Data excerpts
%%

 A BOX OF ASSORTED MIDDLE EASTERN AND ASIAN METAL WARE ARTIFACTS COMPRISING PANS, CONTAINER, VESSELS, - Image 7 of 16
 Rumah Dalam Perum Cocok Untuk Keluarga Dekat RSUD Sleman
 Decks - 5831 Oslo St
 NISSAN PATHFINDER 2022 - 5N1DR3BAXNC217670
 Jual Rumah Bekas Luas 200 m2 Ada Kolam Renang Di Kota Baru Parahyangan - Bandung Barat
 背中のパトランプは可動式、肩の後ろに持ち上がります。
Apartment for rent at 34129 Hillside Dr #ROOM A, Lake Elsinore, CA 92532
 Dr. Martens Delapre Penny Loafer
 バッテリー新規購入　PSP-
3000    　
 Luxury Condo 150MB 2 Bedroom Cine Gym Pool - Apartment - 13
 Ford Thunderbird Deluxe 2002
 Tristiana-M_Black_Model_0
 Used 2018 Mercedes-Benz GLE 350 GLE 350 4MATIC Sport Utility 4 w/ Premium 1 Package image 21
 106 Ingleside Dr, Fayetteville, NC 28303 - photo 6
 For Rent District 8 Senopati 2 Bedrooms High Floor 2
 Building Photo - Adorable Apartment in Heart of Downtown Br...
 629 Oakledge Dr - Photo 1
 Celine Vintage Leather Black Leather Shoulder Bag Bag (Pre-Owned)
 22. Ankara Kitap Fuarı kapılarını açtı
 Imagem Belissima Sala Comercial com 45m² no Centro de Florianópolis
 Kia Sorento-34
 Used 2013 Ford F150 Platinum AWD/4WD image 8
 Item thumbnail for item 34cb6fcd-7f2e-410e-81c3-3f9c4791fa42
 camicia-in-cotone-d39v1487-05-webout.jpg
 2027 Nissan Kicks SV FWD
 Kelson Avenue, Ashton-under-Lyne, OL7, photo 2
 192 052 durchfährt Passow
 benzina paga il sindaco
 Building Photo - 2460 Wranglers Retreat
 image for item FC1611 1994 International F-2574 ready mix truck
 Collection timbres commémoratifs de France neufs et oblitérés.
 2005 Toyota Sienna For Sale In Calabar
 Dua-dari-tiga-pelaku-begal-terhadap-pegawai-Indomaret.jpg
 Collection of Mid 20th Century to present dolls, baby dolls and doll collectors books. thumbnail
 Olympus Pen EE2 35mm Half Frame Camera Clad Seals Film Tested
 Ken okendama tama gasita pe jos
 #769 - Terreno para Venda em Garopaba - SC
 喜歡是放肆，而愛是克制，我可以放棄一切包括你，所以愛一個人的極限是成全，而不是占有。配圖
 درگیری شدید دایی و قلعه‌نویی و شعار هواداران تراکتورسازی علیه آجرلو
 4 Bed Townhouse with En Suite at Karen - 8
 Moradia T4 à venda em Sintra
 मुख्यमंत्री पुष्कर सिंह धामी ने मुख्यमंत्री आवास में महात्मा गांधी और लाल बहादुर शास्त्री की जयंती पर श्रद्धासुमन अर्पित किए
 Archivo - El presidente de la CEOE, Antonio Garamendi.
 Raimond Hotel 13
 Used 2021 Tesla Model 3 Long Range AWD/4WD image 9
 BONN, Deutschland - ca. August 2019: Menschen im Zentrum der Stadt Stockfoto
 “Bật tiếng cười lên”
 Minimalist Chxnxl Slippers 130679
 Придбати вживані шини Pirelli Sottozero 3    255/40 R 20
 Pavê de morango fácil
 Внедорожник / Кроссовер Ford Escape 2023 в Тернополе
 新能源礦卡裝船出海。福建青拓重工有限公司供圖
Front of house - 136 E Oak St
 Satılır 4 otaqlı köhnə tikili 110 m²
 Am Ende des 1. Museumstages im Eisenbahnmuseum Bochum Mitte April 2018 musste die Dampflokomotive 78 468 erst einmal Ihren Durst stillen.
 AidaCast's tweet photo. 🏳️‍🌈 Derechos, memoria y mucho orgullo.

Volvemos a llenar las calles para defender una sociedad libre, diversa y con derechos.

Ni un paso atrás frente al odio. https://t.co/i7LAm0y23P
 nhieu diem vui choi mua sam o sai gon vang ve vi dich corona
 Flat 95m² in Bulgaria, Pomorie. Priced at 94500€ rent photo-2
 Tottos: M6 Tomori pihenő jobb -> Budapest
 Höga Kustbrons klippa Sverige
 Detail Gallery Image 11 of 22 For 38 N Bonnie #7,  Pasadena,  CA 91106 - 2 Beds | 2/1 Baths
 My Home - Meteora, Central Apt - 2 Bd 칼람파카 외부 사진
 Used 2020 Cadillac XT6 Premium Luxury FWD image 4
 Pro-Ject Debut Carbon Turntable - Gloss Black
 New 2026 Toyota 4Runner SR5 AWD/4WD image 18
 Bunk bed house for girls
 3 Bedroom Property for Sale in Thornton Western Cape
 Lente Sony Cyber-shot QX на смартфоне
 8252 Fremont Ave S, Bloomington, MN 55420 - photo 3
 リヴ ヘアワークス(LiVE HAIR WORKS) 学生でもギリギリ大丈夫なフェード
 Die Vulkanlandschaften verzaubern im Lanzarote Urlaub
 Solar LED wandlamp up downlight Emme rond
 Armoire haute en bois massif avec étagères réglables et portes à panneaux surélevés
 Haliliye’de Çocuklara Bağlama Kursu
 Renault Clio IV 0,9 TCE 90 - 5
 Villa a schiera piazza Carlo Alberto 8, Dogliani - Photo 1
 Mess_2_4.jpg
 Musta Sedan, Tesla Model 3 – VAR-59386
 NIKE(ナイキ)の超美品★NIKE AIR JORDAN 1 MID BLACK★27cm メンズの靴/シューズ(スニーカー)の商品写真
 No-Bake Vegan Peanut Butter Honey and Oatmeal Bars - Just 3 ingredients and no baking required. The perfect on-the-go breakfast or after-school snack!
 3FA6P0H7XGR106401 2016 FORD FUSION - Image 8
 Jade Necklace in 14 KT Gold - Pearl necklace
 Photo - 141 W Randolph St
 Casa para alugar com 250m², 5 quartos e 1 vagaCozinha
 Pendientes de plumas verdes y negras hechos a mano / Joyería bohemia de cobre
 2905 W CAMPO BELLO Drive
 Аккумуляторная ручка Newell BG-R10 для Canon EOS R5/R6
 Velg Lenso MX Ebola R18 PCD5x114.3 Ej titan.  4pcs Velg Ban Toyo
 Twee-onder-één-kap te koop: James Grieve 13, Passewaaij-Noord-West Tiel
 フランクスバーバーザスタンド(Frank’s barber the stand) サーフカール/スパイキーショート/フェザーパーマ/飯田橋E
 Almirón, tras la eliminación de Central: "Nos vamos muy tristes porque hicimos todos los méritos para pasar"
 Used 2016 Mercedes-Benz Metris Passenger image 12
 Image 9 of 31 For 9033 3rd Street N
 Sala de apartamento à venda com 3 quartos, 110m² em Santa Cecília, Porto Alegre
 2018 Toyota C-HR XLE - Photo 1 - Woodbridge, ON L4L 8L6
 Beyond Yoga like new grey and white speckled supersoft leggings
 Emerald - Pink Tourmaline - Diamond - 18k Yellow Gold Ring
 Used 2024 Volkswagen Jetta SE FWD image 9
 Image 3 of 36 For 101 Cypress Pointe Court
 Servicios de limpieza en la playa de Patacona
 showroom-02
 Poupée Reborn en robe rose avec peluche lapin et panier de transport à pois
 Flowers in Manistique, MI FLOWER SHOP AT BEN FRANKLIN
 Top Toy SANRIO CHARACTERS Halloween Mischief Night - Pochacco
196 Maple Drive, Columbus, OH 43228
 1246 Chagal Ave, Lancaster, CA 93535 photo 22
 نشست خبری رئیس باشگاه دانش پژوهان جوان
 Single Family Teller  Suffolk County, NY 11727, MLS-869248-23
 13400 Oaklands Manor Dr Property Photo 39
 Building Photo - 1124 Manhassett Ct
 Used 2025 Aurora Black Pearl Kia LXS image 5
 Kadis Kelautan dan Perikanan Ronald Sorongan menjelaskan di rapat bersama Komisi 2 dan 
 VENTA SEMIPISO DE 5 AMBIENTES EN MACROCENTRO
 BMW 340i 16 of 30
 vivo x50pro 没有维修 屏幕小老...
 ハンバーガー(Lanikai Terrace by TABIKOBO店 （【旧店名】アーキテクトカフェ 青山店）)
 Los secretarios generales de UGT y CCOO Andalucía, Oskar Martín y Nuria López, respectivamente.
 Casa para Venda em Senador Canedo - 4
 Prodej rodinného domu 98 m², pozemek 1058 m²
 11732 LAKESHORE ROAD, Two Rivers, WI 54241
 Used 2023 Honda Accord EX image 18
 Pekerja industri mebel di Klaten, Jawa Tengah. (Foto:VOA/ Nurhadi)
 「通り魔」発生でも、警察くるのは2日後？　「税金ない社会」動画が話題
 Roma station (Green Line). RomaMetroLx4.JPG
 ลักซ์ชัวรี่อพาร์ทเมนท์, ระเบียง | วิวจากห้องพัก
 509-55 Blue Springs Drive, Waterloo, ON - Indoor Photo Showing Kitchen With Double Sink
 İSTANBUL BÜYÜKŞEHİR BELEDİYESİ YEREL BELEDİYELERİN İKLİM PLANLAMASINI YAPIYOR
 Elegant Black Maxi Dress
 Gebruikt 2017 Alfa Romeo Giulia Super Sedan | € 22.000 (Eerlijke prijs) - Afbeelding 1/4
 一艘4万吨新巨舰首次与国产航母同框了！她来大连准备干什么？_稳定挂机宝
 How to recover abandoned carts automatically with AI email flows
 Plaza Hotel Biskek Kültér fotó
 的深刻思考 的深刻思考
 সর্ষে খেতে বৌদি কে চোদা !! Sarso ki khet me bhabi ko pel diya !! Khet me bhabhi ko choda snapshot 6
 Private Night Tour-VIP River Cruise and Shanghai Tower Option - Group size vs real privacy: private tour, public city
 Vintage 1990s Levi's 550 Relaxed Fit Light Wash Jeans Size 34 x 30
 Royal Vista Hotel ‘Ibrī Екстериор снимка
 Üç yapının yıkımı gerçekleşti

%%

> **Your goal**:
Retype, exactly and in full, the lines above from the one containing "ลักซ์ชัวรี่อพาร์ทเมนท์, ระเบียง |" through the one containing "Elegant Black Maxi Dress".

> **Task result**:
 ลักซ์ชัวรี่อพาร์ทเมนท์, ระเบียง | วิวจากห้องพัก
 509-55 Blue Springs Drive, Waterloo, ON - Indoor Photo Showing Kitchen With Double Sink
 İSTANBUL BÜYÜKŞEHİR BELEDİYESİ YEREL BELEDİYELERİN İKLİM PLANLAMASINI YAPIYOR
 Elegant Black Maxi Dress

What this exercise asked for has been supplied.